Don’t–I repeat DO NOT–start thinking about crap like that Dungeons & Dragons movie from a decade ago, and don’t immediately think of Dragonheart, either (though you are allowed to say, “I am the last one!” to your heart’s content). Where the former is so baffling-ly bad you question the IQ of those behind it, the latter is FIFTEEN YEARS OLD. It out-dates Titanic. A guy I had an adult conversation with last week was finishing up kindergarten then. I guess there was Reign of Fire, too . . . but that movie was so forgettable that I added this sentence in a week after finishing this post. With as far as special effects technology has come since 1996, I feel anyone who likes an exciting movie should start lobbying for more dragons. And what better place to start than Dragonlance? It’s still only a slight step into obscurity from LOTR, heavily story- and character-based, and lots of great visual and action potential.
They should grow a pair and do it as three movies with a full-scale production and huge budget with the best special effects they can muster.
They should NOT accept CGI that looks like it belongs in the lava scene from Aladdin.
They should focus on story and character.
They should NOT let the special effects take over. What makes a great movie great and worth watching over again is story and good characters. It’s why Spider-Man 2 was great and memorable, where Fantastic Four: Rise of the Silver Surfer was not. Dragonlance has those things, but I can see them being looked over far to easily in favor of cheap thrills.
They should make a tasteful trailer that hints at story and teases with known, key scenes.
They should NOT do that crap with thumping dance music and quick-fade cuts to a heartbeat and shots of Goldmoon’s inevitable skimpy outfit.
They should NOT cast a woman as Tasslehoff.
This is where I shift from desperate movie and geek culture fan to “stuff that Braden would really just like to see.”
Over my most recent bout of unemployment, I took full advantage of living one block from a library branch and read a ton of stuff. One book I read was Uncle Tom’s Cabin, a fact that still baffles me not only because I read the whole thing but because it’s currently my favorite novel.

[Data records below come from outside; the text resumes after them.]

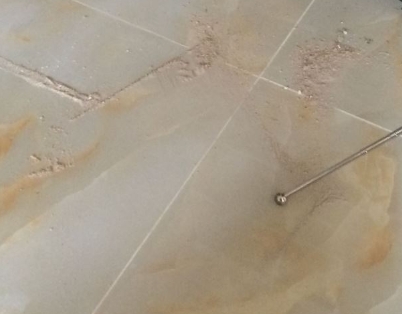临武瓷砖空鼓维修公司分享粘合剂选择不当在瓷砖铺贴过程中可能导致以下问题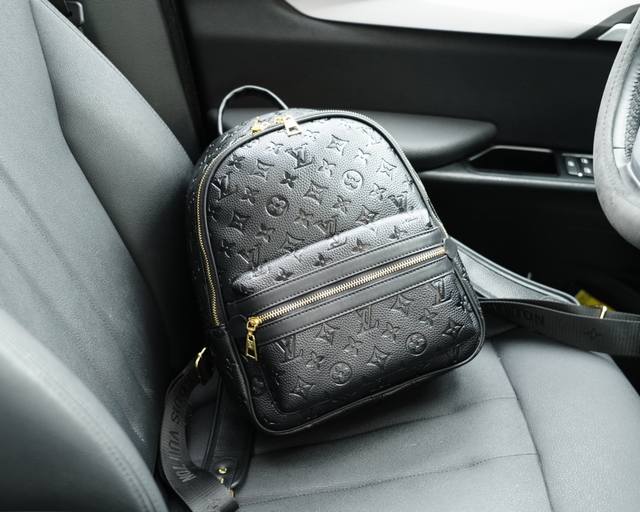 路易威登 官网同步 高版本 原厂双肩背包 不要错过 全原材料制作 品质极好 超大容量 非市面普通货 来自贸易公司的狠货.. 强调一下 原厂 一直是抢爆的款式 专 路易威登 官网同步 高版本 原厂双肩背包 不要错过 全原材料制作 品质极好 超大容量 非市面普通货 来自贸易公司的狠货.. 强调一下 原厂 一直是抢爆的款式 专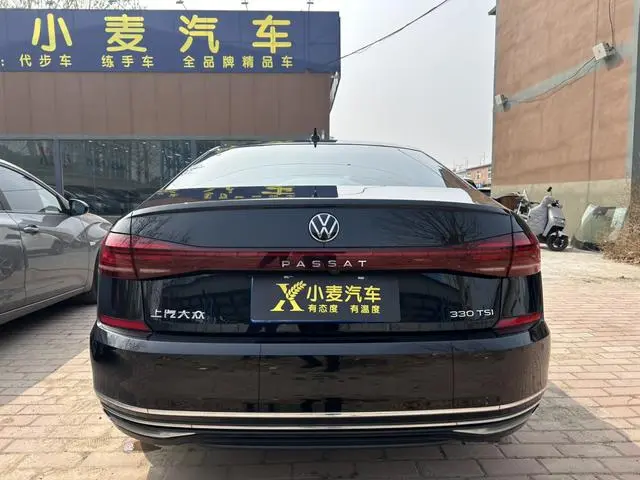 Volkswagen Passat 330TSI Starry Sky Elite Edition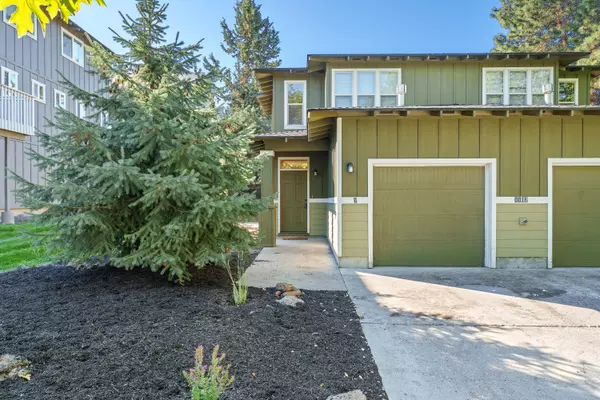 Bend, OR 97701,1102 Kayak LOOP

The thing is though, there’s never been a large-scale production film made on it since 1927. There’s been some independent films and a made-for-TV movie back in 1987, but nothing that’s as memorable as a movie based on this book should be.

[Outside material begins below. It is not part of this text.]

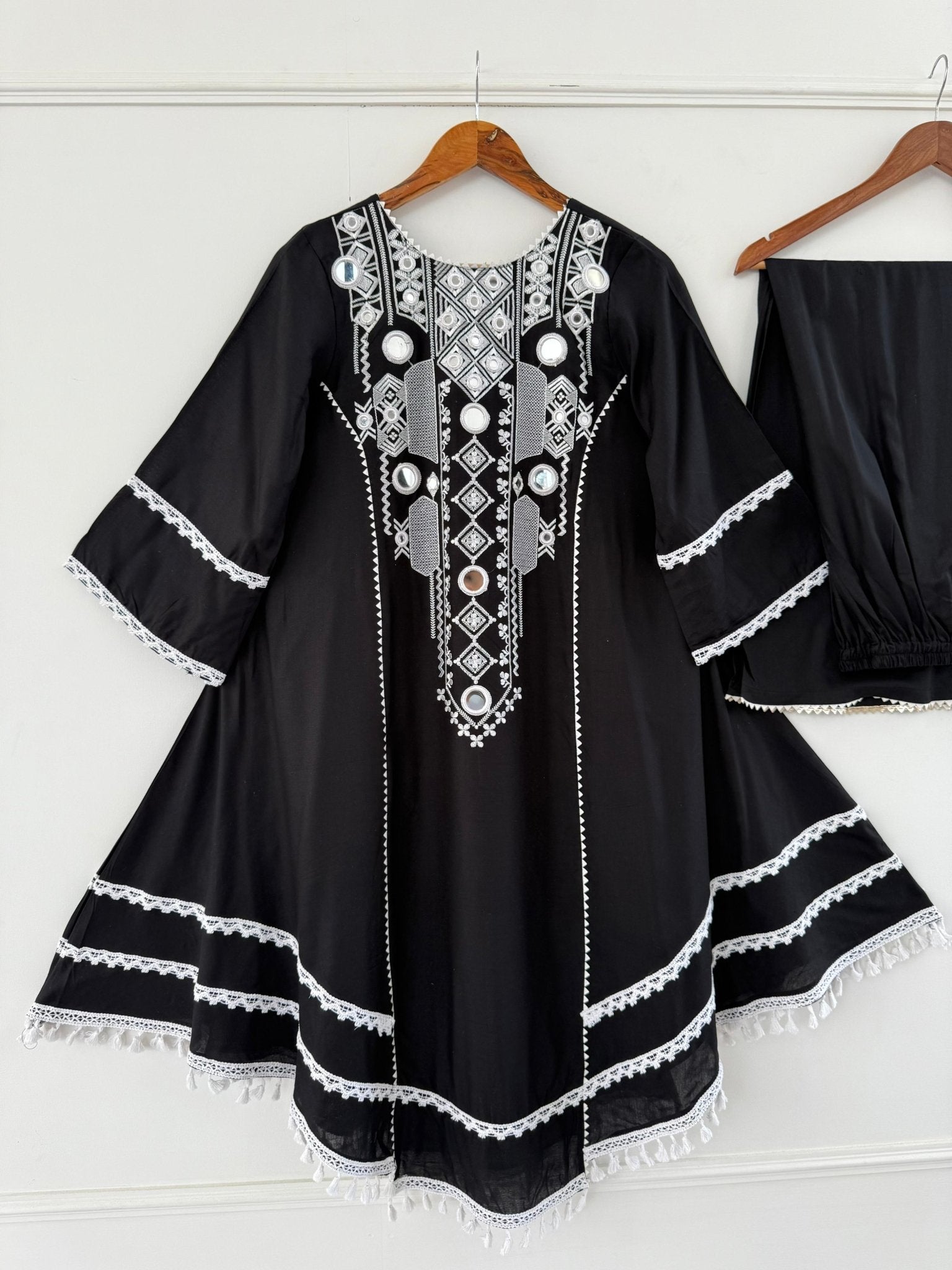 Elegant Rayon Kurti Set with Mirror & Lace Detailing - Chikankari official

It would be a pretty daring feat to make this movie, though. Being a 160-year-old story based around a controversial social structure (to put it lightly), it’s been twisted and abused and deformed by all sides involved. Many black Americans have rejected it because of the tired stereotypes it started, and because of the softening and twisting to the characters in “popular culture” done since the end of the Reformation. Many white Americans have rejected it because they refuse to believe slavery was ever as bad as the book actually insists it was. Others avoid it at all costs because they either find it too controversial, or they were forced to read it in high school and are still bitter.
I’ve only seen small clips of two of the movies made (the 1927 silent film and the 1976 independent film, both of which you can find in their entirety on YouTube), and then I’ve read the Wikipedia section on the 1987 movie, and while the 1987 one seems to be far more accurate, the makers of that film bragged about leaving out scenes like when Elisa skips across the ice on the Ohio River. Why would you leave that out?

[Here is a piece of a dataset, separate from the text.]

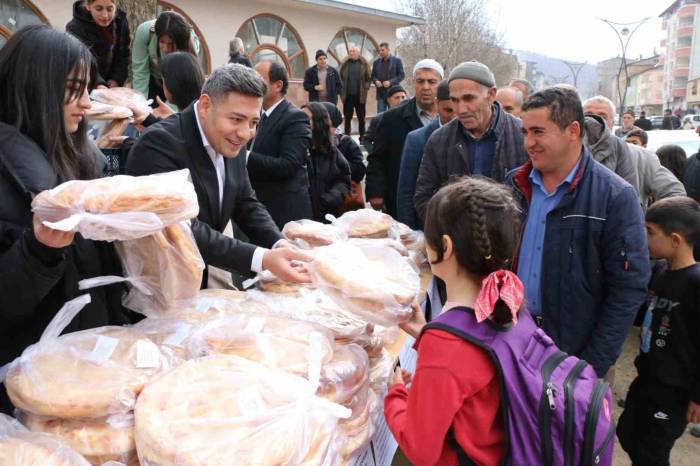 Kaymakam Özçelik, Kız Öğrencileri İle Birlikte Ramazan Pidesi Dağıttı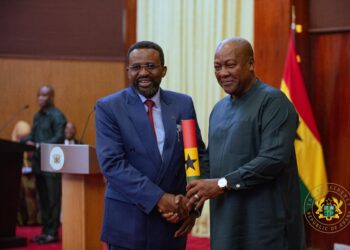 President Mahama Swears in BoG Governor Dr. Johnson Asiamah and 1st Deputy Governor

They should tell the story as it was meant to be told, exactly as it’s told in the book, with the message it’s had for 160 years.
They should NOT water it down to appease those that still try to suggest that slavery wasn’t all that bad. Nor should they toss in parallels to civil rights or gay rights or modern social agendas. Nor should they alter any characters to avoid “stereotyping” black or southern Americans, since those stereotypes were set after (and because of) this story.
They should leave in every exciting scene, and every emotional scene, and every challenging scene. Let audiences experience a STORY and not just a message, yet not walk away forgetting the impact this story had on America.
Maybe it’s idealistic, but I see a great production of Uncle Tom’s Cabin being a wonderful exercise in racial unity between blacks and whites. Maybe that’s silly. Maybe.
Something that everyone knows has never been done well is the video game movie. The big problem with them is that the source material doesn’t lend well to interesting movies. Games are mostly about action or thinking about strategy in some fashion, and it’s hard to get that to translate well to film. And in the event that there IS a story to tell, rest assured that some arrogant Hollywood exec is going to screw it up. So why do I wish for this one?
The story of Final Fantasy VI (originally renamed Final Fantasy III for its American release) is one of my favorite stories of all time. It’s very Star Wars-esque with hints of Jason Bourne and even Batman . . . but really that’s just the tip of the iceberg. There’s so much there. The whole plot taken out of the hunting for treasure chests, bonus side quests, level grinding, and long boss fights could fill an (interesting) two-and-a-half hour movie easily. I’d bet you actually would have to do two films.
Hey, if The Hobbit can do it, so can Final Fantasy VI.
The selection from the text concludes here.